The Motorola SB5120 Cable Modem

August 2, 2013

I bought one of these for $12.90 (including shipping!) on Amazon in July of 2013. It seems to work just fine. This is a discontinued model and does only DOCSIS 2.0.

I wanted to minimize my expense of jumping from DSL to cable, figuring that I can absorb the installation charges, and upgrade the modem later.

It uses a Texas Instruments chipset and the firmware runs on VxWorks. It has a web management interface that you access at IP address 192.168.100.1. The word is that it is almost impossible to change this address, but it doesn't really matter.

Supposedly these have a user admin with default password motorola, but I have yet to be prompted for anything like this.

Surprises

The not surprising part is that even without cable connected, the web interface is available at 192.168.100.1. The interesting part is that when this thing does connect to cable it seems to give a DHCP address to the first host that asks for it, then shuts down the DHCP server and go into a "bridge" mode. This would work fine for a single computer, but if you intend to use more than one machine with it, you are going to need to buy a router (which you probably want to do anyway if you want wireless). The following link has what would seem to be a misguided discussion about how to turn off the DHCP server in the 5120: Just for completeness, note that the 5120 has a "standby" button on the top of the modem. This is a bizarre feature, but my understanding is that you can push this and the modem disconnects from the cable service giving you a warm fuzzy private feeling. This is a feature I have no intention of using. Apparently when in "standby" mode, it can and does run a DHCP server. Pretty weird.

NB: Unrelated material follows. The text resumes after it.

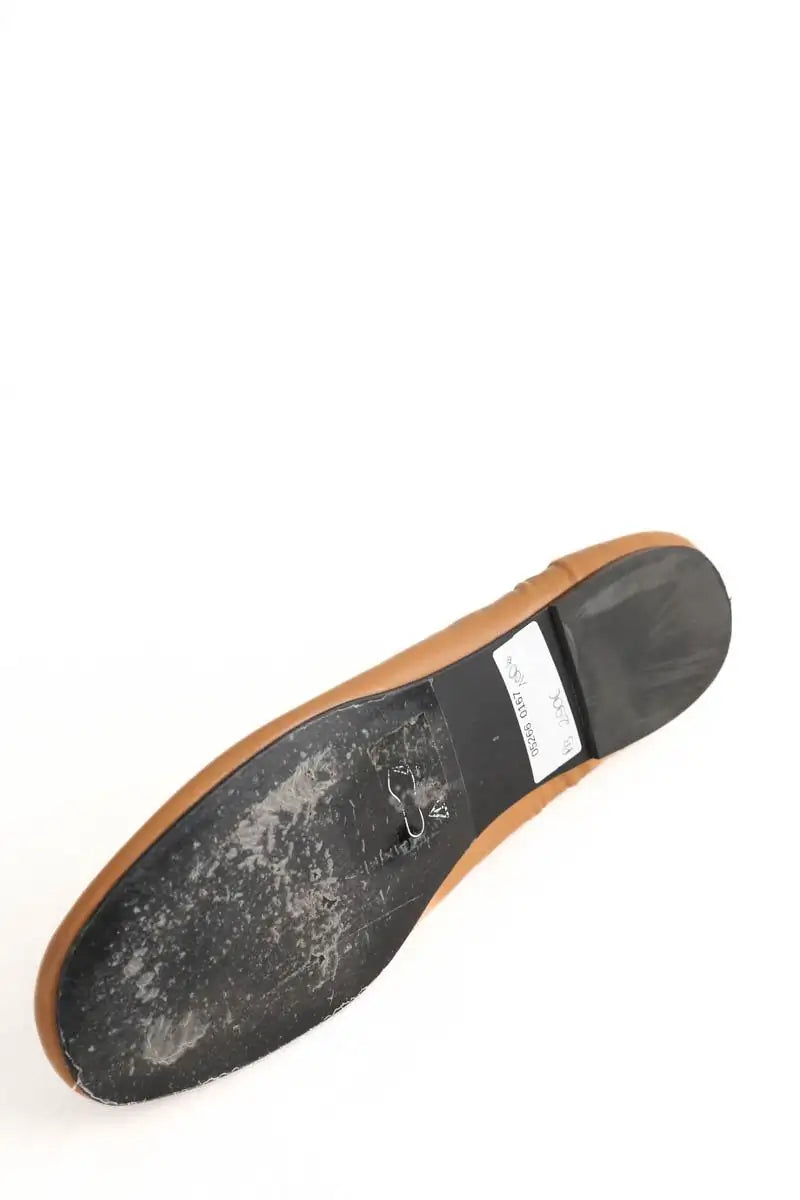 Ballerines APC Slip On Swan Camel en Cuir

I dug out my old Netgear MR814, which is a router with wireless and a 4 port ethernet switch. I connect the 5120 to the WAN port on this router, cycle power on the 5120, and voila, the MR614 gets an address on the cable companies LAN. I see an address like "68.226.27.211", with a 24 bit netmask. It indicates DNS servers at addresses 68.105.28.11 and 68.105.29.11. My MR814 provides me with a local network of 10.0.0.x addresses. I let it run DHCP on addresses 10 through 20, and set up the MR814 as 10.0.0.1 and my static IP machines as 10.0.0.n, where n is less than 10 -- works for me.

Wireless and the MR814

Well, as near as I can tell, the MR814 only does 802.11b. This isn't terrible (as it is 11 Mbit), but we would certainly rather have 802.11g with 54 Mbit.